Volledige recensie door Dave Coward
Een briefje van Geoff...
Nogmaals, Dave heeft met zijn gebruikelijke ongelooflijke snelheid gewerkt en nog steeds een uitstekende kwaliteit behouden, wat wordt gedemonstreerd in de paar proeffoto's die volgen waarop zijn voltooide project te zien is. Een van je beste Dave tot nu toe naar mijn mening - echt uitzonderlijke verwering en verf - gefeliciteerd met een verbluffend resultaat!
Achtergrond
De Vought F4U Corsair is een Amerikaans jachtvliegtuig dat voornamelijk dienst deed in de Tweede Wereldoorlog en de Koreaanse Oorlog. De vraag naar het vliegtuig overweldigde al snel de productiecapaciteit van Vought, wat resulteerde in de productie door Goodyear en Brewster: de door Goodyear gebouwde Corsairs werden aangeduid als FG en het door Brewster gebouwde vliegtuig F3A. Vanaf de eerste levering van het prototype aan de Amerikaanse marine in 1940 tot de uiteindelijke levering in 1953 aan de Fransen, werden 12,571 F4U Corsairs vervaardigd, in 16 afzonderlijke modellen, in de langste productiereeks van een zuigermotor in de geschiedenis van de VS (1942-53). ).

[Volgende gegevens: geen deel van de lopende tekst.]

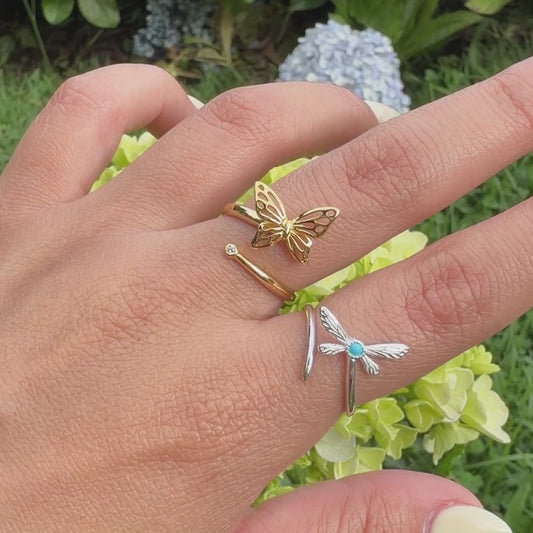 Anillo Dorado Plata S925 Mariposa Calada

De Corsair is ontworpen als een op een carrier gebaseerd vliegtuig, maar de moeilijke landingsprestaties van de carrier maakten het ongeschikt voor gebruik door de marine totdat de problemen met het landen van de carrier werden opgelost door de Royal Navy Fleet Air Arm. De Corsair kreeg zo een prominente plaats in het gebied waar het het meest werd ingezet: het gebruik op het land door de Amerikaanse mariniers. De rol van de dominante Amerikaanse jager op vliegdekschepen in het tweede deel van de oorlog werd dus vervuld door de Grumman F6F Hellcat, aangedreven door dezelfde Double Wasp-motor die voor het eerst werd gevlogen op het eerste prototype van de Corsair in 1940. De Corsair diende in mindere mate in de Amerikaanse marine. Naast het gebruik door de VS en de Britten, werd de Corsair tot de jaren zestig ook gebruikt door de Royal New Zealand Air Force, de French Naval Aviation en andere, kleinere luchtmachten. Sommige Japanse piloten beschouwden het als de meest formidabele Amerikaanse jager van de Tweede Wereldoorlog, en de Amerikaanse marine telde een kill-ratio van 1960:11 met de F1U Corsair.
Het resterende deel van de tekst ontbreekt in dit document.